[PATCH 2/2] present: Fix use of vsynced pageflips and honor PresentOptionAsync. (v3)

Thu Dec 4 12:28:21 PST 2014

On 12/04/2014 11:04 AM, Axel Davy wrote:
> Hello,
>
> I'm not sure this is the right fix.
>
> vblank->sync_flip seems to have the meaning "this driver only supports 
> sync flips"
> not "we would like a sync flip ideally".
>

Hi, thanks for the response.

In my understanding - after digging through all the Present code-pathes 
of intel-ddx and nouveau-ddx and then the intel-kms and nouveau-kms 
drivers in the kernel - vblank->sync_flip == TRUE does really mean "we 
would like a sync flip ideally". The one-liner check that my patch 
replaces seems to be a hack introduced in the initial dri3/Present 
enablement by Keith from 2013, as far as i can see to allow bringup of 
the extension before the intel-ddx was completely ready for it. It 
worked - for the intel-ddx - but i think it was accidentally left there 
for the public release and not noticed, because there wasn't any other 
driver than intels actually implementing Present.

So here's my understanding of the logic and the evidence for it (and 
sorry for the wall of text, brain hasn't reached proper caffeine level yet):

1. PresentOptionAsync means "please present as soon as possible, don't 
wait for vblank (because that would defeat the "as soon as possible" 
part), let it tear. I think the Async refers to asynchronous to the 
vblank. This makes sense because it is the fastest way to get something 
on the screen, and there are legitimate use cases for tearing swaps. 
Also, under drm/kms, non-vsynced immediate pageflips are called async 
flips and the drm/kms drivers expose DRM_CAP_ASYNC_FLIP if they can do 
tearing flips.

This interpretation is consistent with how the servers current Present 
implementation treats PresentOptionAsync wherever it already takes the 
option into account: The target_msc computation/adjustment logic adjusts 
the target_msc to try to make sure the Present completes within the 
currently active scanout cycle. For a divisor + remainder controlled 
Present it does the closest equivalent to "hurry, do it now regardless 
if it tears" that is possible while staying consistent with the 
divisor+remainder semantic.

So for a "typical" (divisor=remainder=0) Present, the vblank event for a 
copy-present is queued in the kernel for immediate dispatch back to the 
server, without the kernel waiting for any vblank, so it will 
immediately return from the kernel and immediately trigger 
present_execute(), which in case of our copyswap means an immediate, not 
vsynced ddx->CopyArea() call to start the blit asap - and tearing. For a 
flip present, it queues the vblank event which will trigger the pageflip 
ioctl() for the user requested msc (or the current scanout cycle if we 
are already past that), something that only gives the correct behaviour 
iff the kernels kms driver executes the pageflip ioctl() in a 
non-vsynced, tearing manner. For a vsynced flip instead, the ioctl() 
would need to be called one vblank before the target vblank to get 
correct timing, and that is indeed what is done in the current 
implementation "if (vblank->sync_flip == TRUE)".

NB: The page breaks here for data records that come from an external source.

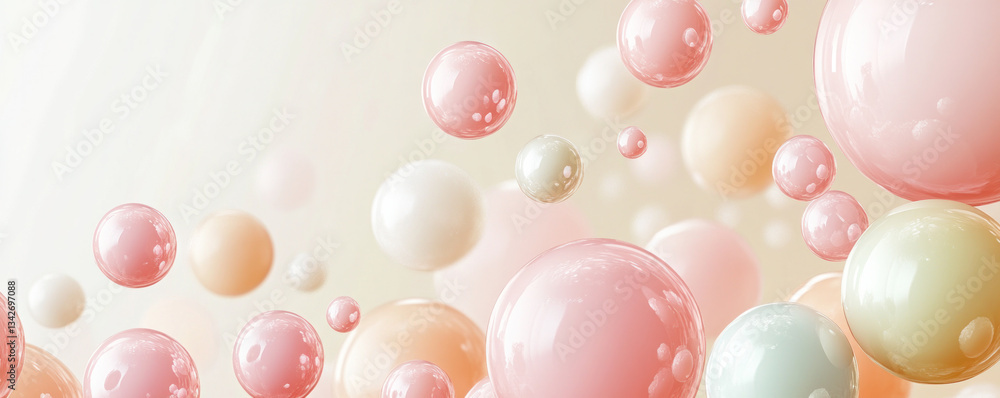 Poster a colorful image of many different colored spheres floating in the air. the spheres are of various s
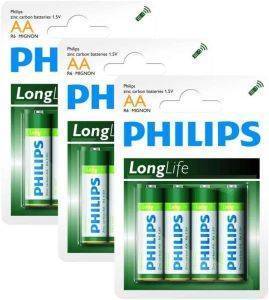 PHILIPS ΜΠΑΤΑΡΙΑ PHILIPS LONGLIFE AA 12ΤΕΜ R6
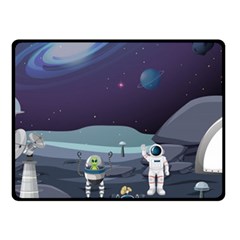 Alien Astronaut Scene Fleece Blanket (small) by Vaneshart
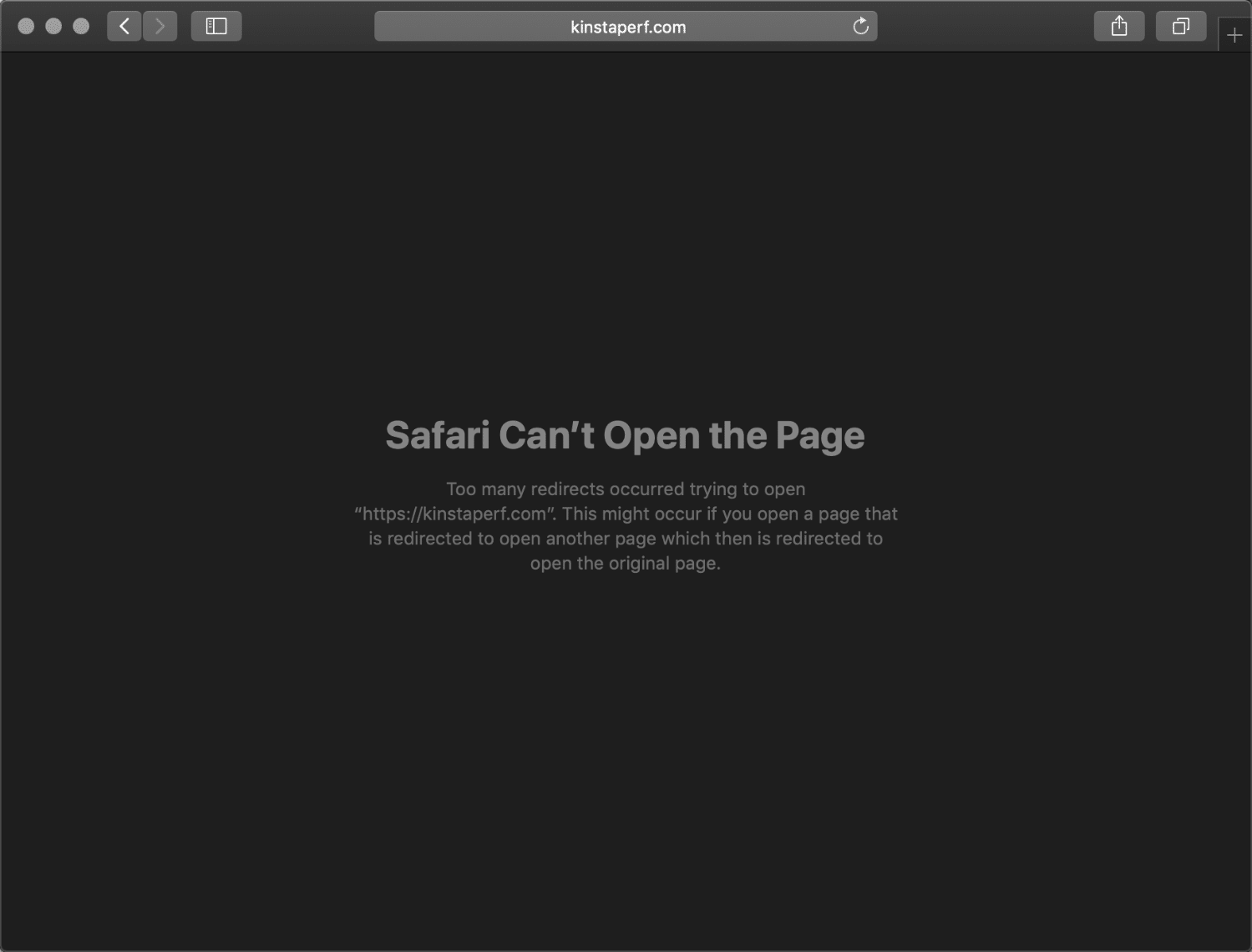 ERR_TOO_MANY_REDIRECTS i Safari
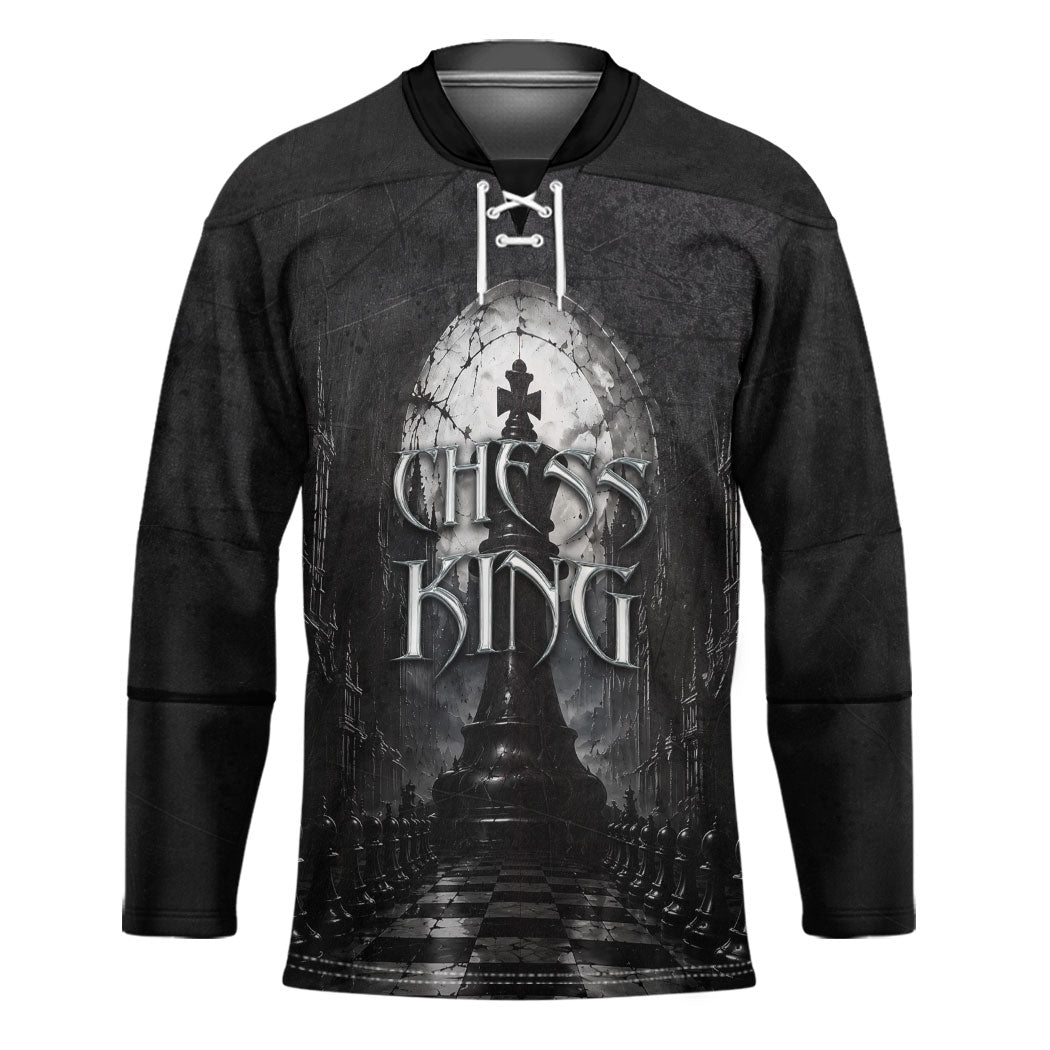 Chess King Hockey Jersey Strategic Board Game Gothic Dark Fantasy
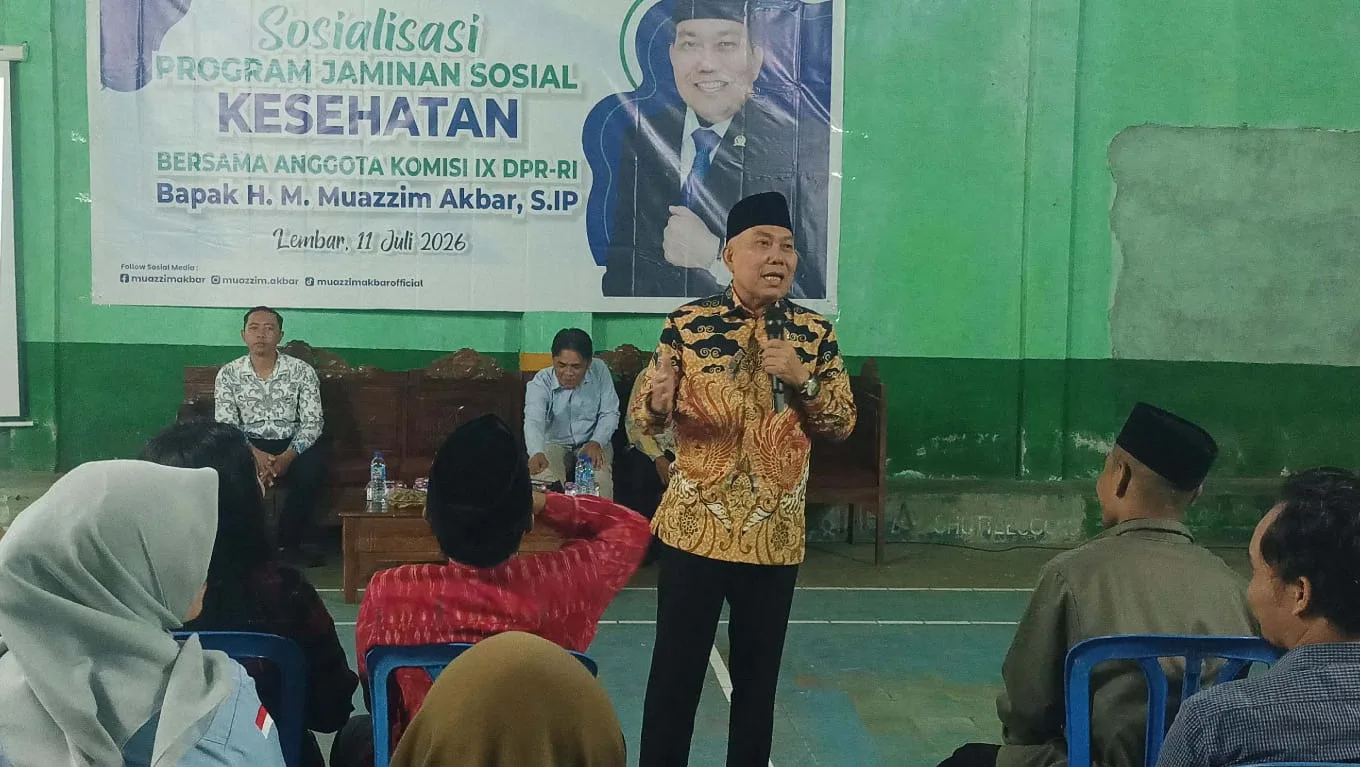 Anggota Komisi IX DPR RI H. M. Muazzim Akbar menggelar sosialisasi program Jaminan Sosial Kesehatan di Desa Jembatan Kembar Timur Kecamatan Lembar Lombok Barat  (Muzakir/Info Lombok)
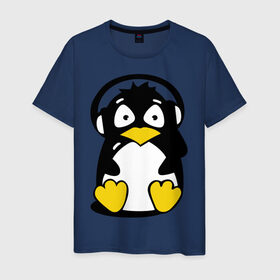 Мужская футболка хлопок с принтом Пингвин в наушниках в Белгороде, 100% хлопок | прямой крой, круглый вырез горловины, длина до линии бедер, слегка спущенное плечо. | животные | пингвиненок | пингвинчик | прикольные картинки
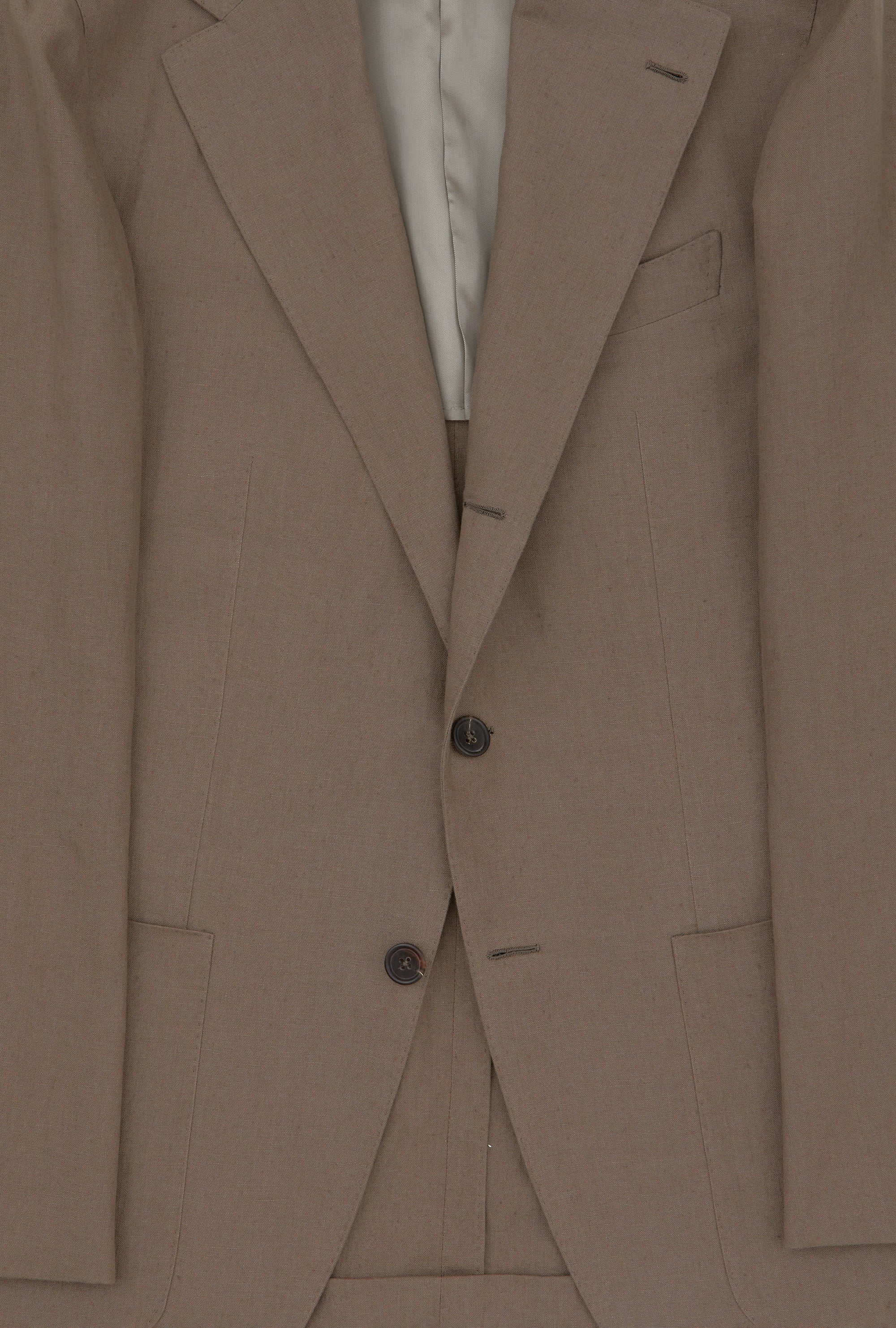 Suit Single Breasted Washed Linen Taupe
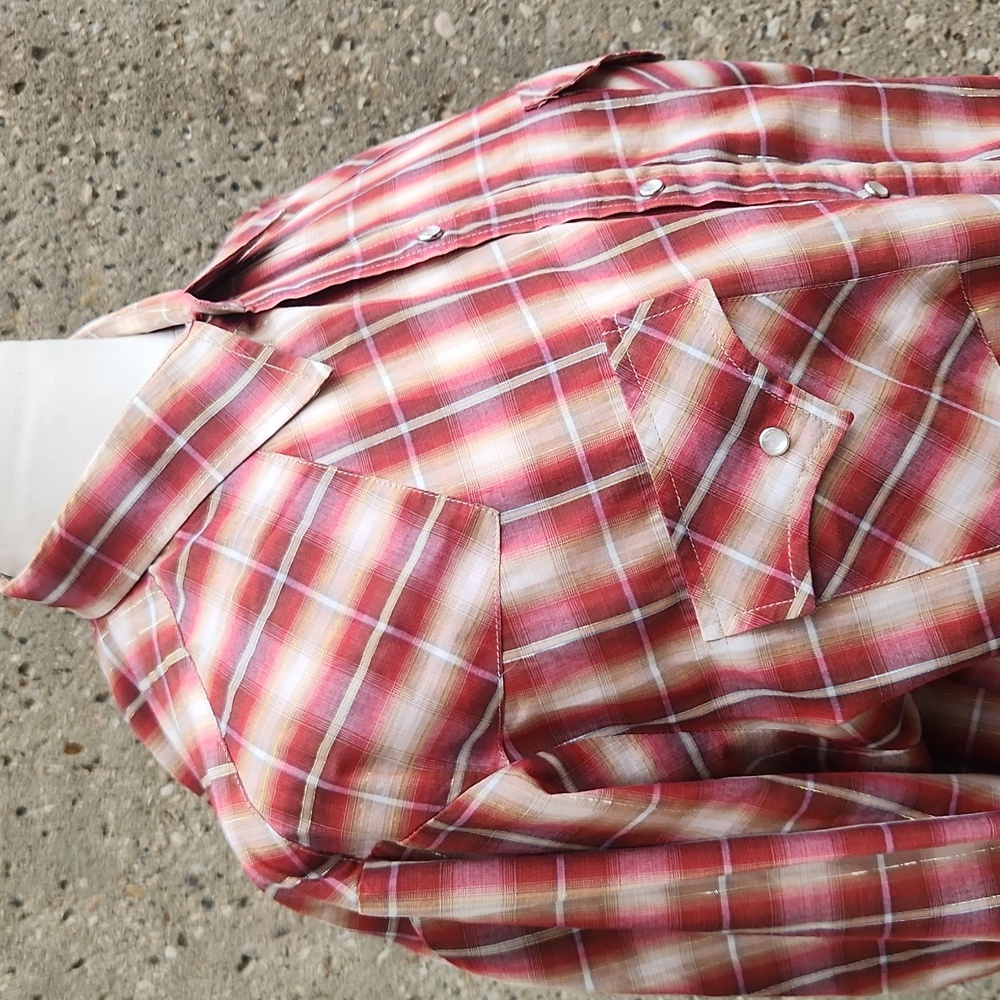 Men's Western Red Plaid Shirt - Picture 5 of 14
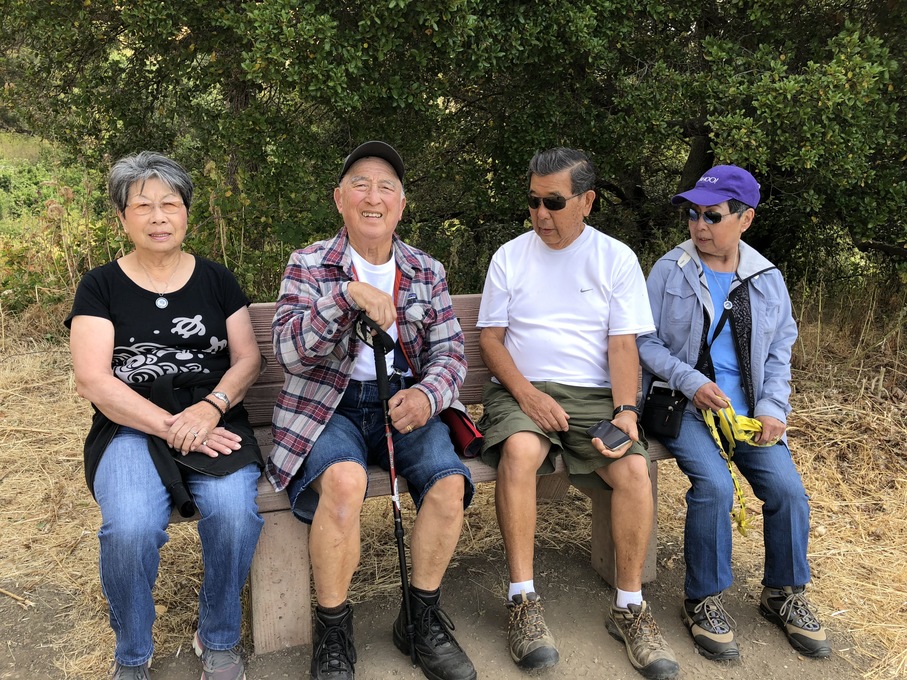 Carl, Jeanne, Yoshiko and Kenji at Craig's memorial bench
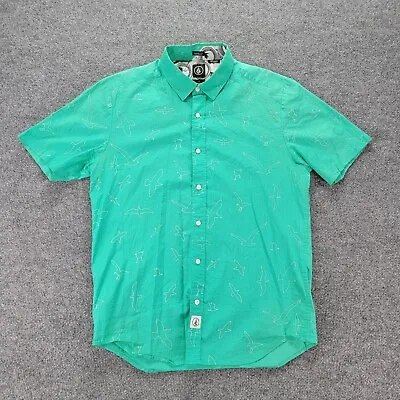 Volcom Mens Button Up Shirt Preppy Casual Seagull Green Sz Medium • $10.99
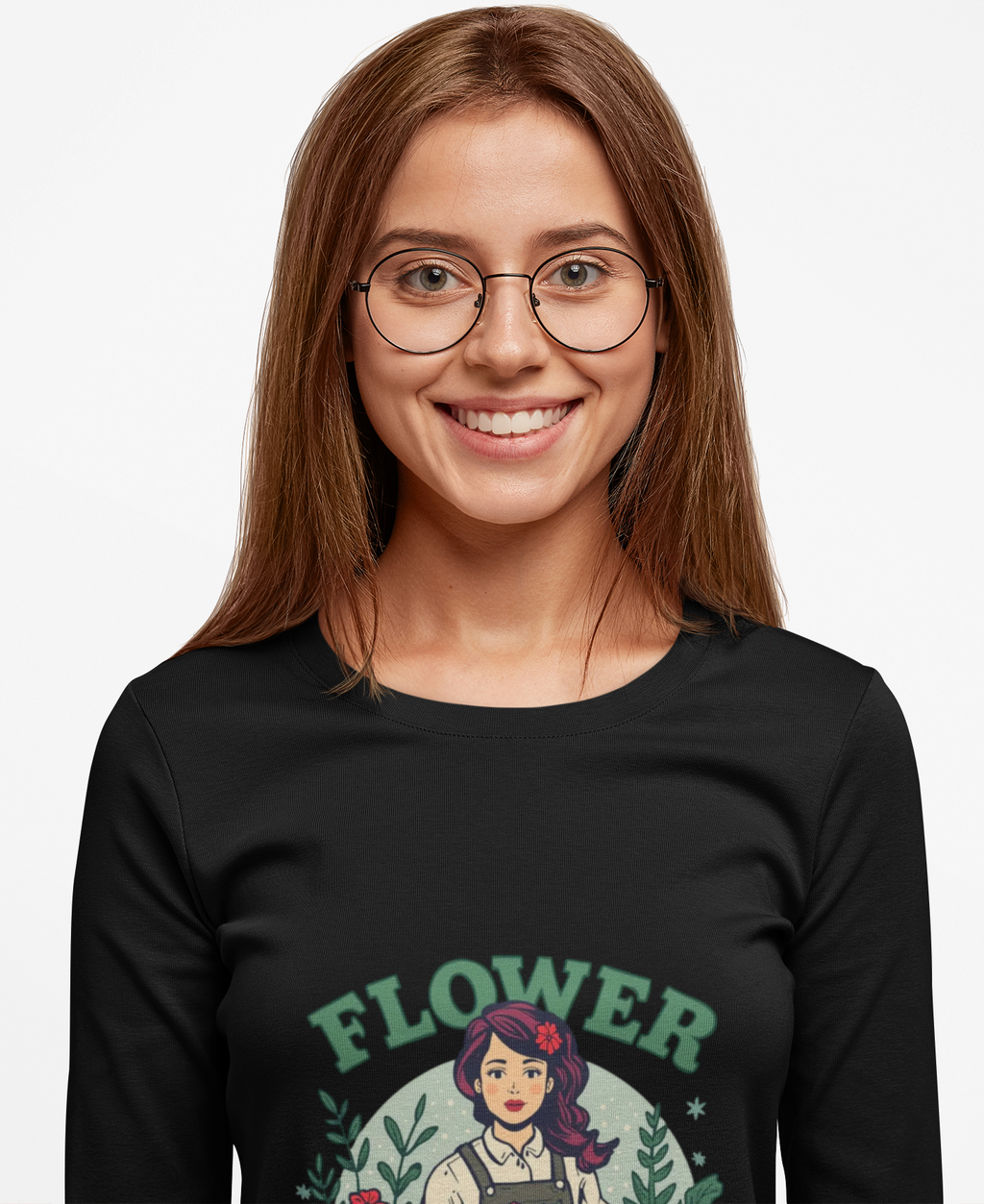 Flower Power Long Sleeve Tee – Vintage Botanical Graphic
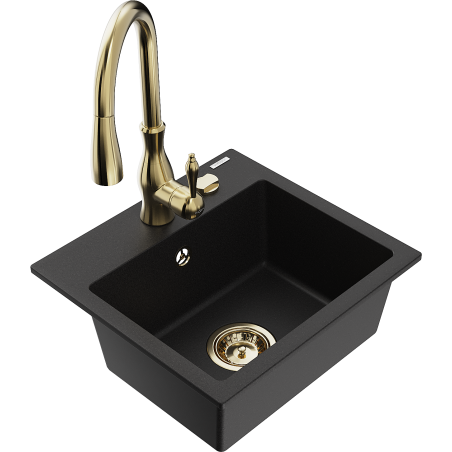 Mexen Milo granite sink 1-bowl with Savita kitchen tap, black - 6505-77-672601-50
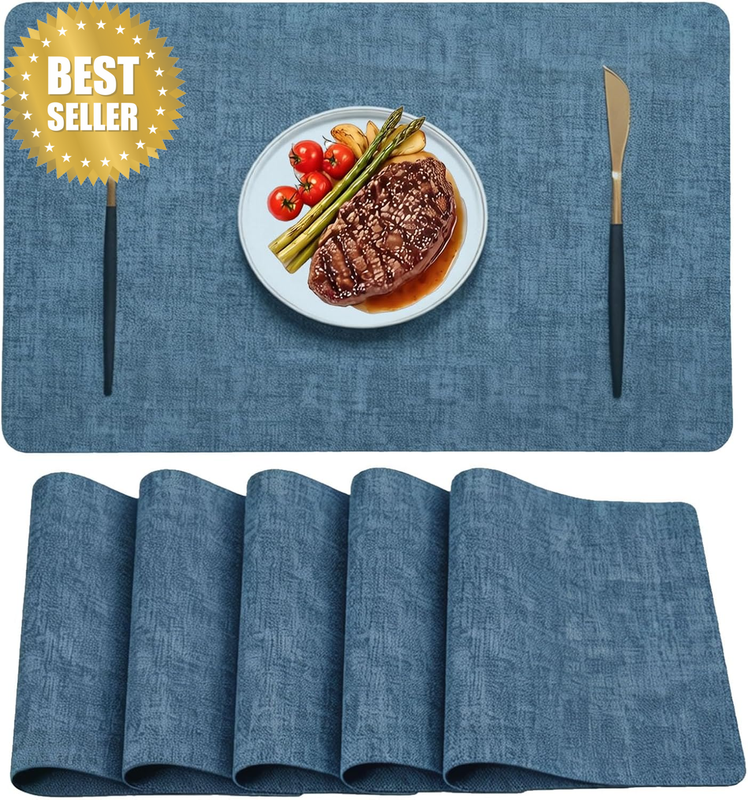 6 Pack Faux Leather Placemats Set of 6 Heat Resistant Washable Table Mats Non Sl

-> PresentOptionAsync requests "immediate" tearing Present by all means. 
Ideally by a non-vsynced asyncflip for fullscreen windows, but if that 
is not possible due to driver/hw limitations, by falling back to a 
non-vsynced ddx->CopyArea() blit.

2. vblank->sync_flip == FALSE vs. TRUE is used by all parts of the 
Present implementation to request a non-vsynced vs. vsynced pageflip:

It is passed into the drivers ddx->check_flip() function as a parameter 
to tell the driver if you want a sync flip or an async tearing flip, and 
the function is supposed to answer if the driver is able to perform the 
requested type of pageflip under the given conditions (drawable size, 
pixelformat, hw constraints, kms driver DRM_CAP_ASYNC_FLIP capable). 
Both intel-ddx and nouveau-ddx implement the check in that way - with 
the exception of that omission in intels uxa backend, fixed by that 
other patch i sent out. The sna backend checks, based on the passed 
vblank->sync_flip, if the intel driver can provide a vsynced/non-vsynced 
flip and answers accordingly. The nouveau-ddx does the same. Now it 
turns out that nouveau can always provide async pageflips on top of all 
Linux kernels where it supports or uses Present at all (Maxwell gpu's 
for the glamor backend, kernel with rendernodes support for exa 
backend). intel-kms otoh can't support async flips at all atm. (checked 
it against all currently released Linux kernels and drm-next), although 
the intel-ddx implements all the logic which would allow to request an 
async flip if the kms driver would actually support it - Future proofing 
i guess.

Depending on the result of the ddx->check_flip() the servers Present 
extension either goes ahead with a pageflipped present (vblank->flip == 
TRUE) either sync or async (vblank->sync_flip) or it falls back to a 
copy-present if the ddx can't execute a flip as requested.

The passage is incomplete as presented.